CLIP-GS: Unifying Vision-Language Representation with 3D Gaussian Splatting¶

Conference: ICCV 2025 arXiv: 2412.19142 Code: None Area: 3D Vision Keywords: 3D Gaussian Splatting, multimodal representation learning, CLIP, contrastive learning, zero-shot classification

TL;DR¶

This paper proposes CLIP-GS, the first multimodal representation learning framework based on 3D Gaussian Splatting (3DGS). It serializes 3DGS into tokens via a GS Tokenizer and aligns multimodal representations using an Image Voting Loss, achieving comprehensive improvements over point-cloud-based methods on cross-modal retrieval, zero-shot, and few-shot 3D classification tasks.

Background & Motivation¶

3D representation learning is a fundamental topic in 3D vision. Existing 3D multimodal models (e.g., ULIP, OpenShape, Uni3D) primarily operate on point cloud inputs. However, point clouds, as sparse spatial representations, fail to capture texture information and have limited reconstruction capacity. In contrast, 3D Gaussian Splatting (3DGS), as an emerging 3D representation technique, models objects via explicit Gaussian primitives (encoding position, rotation, scale, color, and opacity attributes), offering superior spatial precision and geometry capture capability.

The core problem is: how to design a 3D encoder that processes 3DGS inputs and aligns it with CLIP's vision-language representation space?
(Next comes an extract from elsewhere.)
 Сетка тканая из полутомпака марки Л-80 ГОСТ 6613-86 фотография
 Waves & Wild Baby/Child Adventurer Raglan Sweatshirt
Key challenges include: - The attribute dimensionality of 3DGS (14-dim: 3 position + 3 color + 1 opacity + 3 scale + 4 rotation) far exceeds that of point clouds (3-dim position + optional color), making direct application of existing networks ineffective. - Rendered images from different viewpoints exhibit large feature variance, and single-image contrastive learning may lead to suboptimal optimization. - The generation and storage cost of large-scale 3DGS data is high.

Method¶

Overall Architecture¶

CLIP-GS comprises three core components: 1. Scalable triplet generation: ~240K 3D models are curated from Objaverse; each is paired with a 3DGS representation, 36 rendered images, and 1 text description. 2. GS feature extraction: FPS & kNN construct Gaussian patches → GS Tokenizer produces serialized tokens → Transformer layers output 3DGS embeddings. 3. Multimodal alignment: The image and text encoders of EVA-CLIP are frozen; only the 3DGS encoder is trained, aligning all three modalities via contrastive losses.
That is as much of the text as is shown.